# Task requirements
Return every record below exactly as written.

# Recorded information
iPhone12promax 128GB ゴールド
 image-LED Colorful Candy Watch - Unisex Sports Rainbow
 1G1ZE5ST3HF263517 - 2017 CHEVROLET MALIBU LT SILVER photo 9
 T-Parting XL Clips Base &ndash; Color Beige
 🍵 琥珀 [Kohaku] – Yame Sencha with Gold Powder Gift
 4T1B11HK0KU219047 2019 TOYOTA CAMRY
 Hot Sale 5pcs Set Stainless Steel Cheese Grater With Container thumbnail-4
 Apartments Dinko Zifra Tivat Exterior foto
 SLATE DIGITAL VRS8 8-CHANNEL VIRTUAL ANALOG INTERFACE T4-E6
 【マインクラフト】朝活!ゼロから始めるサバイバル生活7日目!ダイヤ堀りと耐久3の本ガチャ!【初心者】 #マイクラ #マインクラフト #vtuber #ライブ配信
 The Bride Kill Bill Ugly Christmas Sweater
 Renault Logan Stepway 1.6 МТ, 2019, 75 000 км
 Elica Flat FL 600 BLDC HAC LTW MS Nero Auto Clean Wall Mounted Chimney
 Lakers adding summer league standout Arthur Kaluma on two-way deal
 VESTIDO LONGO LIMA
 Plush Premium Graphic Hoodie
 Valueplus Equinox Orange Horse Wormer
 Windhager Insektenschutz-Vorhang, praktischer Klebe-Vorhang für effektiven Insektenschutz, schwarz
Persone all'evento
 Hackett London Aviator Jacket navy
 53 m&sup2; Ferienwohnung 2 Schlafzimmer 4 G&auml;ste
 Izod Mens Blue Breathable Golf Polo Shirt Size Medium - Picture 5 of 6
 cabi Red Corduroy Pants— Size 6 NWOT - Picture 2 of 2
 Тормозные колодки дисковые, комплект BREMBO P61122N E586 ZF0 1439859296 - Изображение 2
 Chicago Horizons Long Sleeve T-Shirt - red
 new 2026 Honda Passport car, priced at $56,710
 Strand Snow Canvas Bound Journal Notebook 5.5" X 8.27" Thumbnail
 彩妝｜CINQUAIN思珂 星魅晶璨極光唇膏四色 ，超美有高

# Answer box
iPhone12promax 128GB ゴールド
 image-LED Colorful Candy Watch - Unisex Sports Rainbow
 1G1ZE5ST3HF263517 - 2017 CHEVROLET MALIBU LT SILVER photo 9
 T-Parting XL Clips Base &ndash; Color Beige
 🍵 琥珀 [Kohaku] – Yame Sencha with Gold Powder Gift
 4T1B11HK0KU219047 2019 TOYOTA CAMRY
 Hot Sale 5pcs Set Stainless Steel Cheese Grater With Container thumbnail-4
 Apartments Dinko Zifra Tivat Exterior foto
 SLATE DIGITAL VRS8 8-CHANNEL VIRTUAL ANALOG INTERFACE T4-E6
 【マインクラフト】朝活!ゼロから始めるサバイバル生活7日目!ダイヤ堀りと耐久3の本ガチャ!【初心者】 #マイクラ #マインクラフト #vtuber #ライブ配信
 The Bride Kill Bill Ugly Christmas Sweater
 Renault Logan Stepway 1.6 МТ, 2019, 75 000 км
 Elica Flat FL 600 BLDC HAC LTW MS Nero Auto Clean Wall Mounted Chimney
 Lakers adding summer league standout Arthur Kaluma on two-way deal
 VESTIDO LONGO LIMA
 Plush Premium Graphic Hoodie
 Valueplus Equinox Orange Horse Wormer
 Windhager Insektenschutz-Vorhang, praktischer Klebe-Vorhang für effektiven Insektenschutz, schwarz
Persone all'evento
 Hackett London Aviator Jacket navy
 53 m&sup2; Ferienwohnung 2 Schlafzimmer 4 G&auml;ste
 Izod Mens Blue Breathable Golf Polo Shirt Size Medium - Picture 5 of 6
 cabi Red Corduroy Pants— Size 6 NWOT - Picture 2 of 2
 Тормозные колодки дисковые, комплект BREMBO P61122N E586 ZF0 1439859296 - Изображение 2
 Chicago Horizons Long Sleeve T-Shirt - red
 new 2026 Honda Passport car, priced at $56,710
 Strand Snow Canvas Bound Journal Notebook 5.5" X 8.27" Thumbnail
 彩妝｜CINQUAIN思珂 星魅晶璨極光唇膏四色 ，超美有高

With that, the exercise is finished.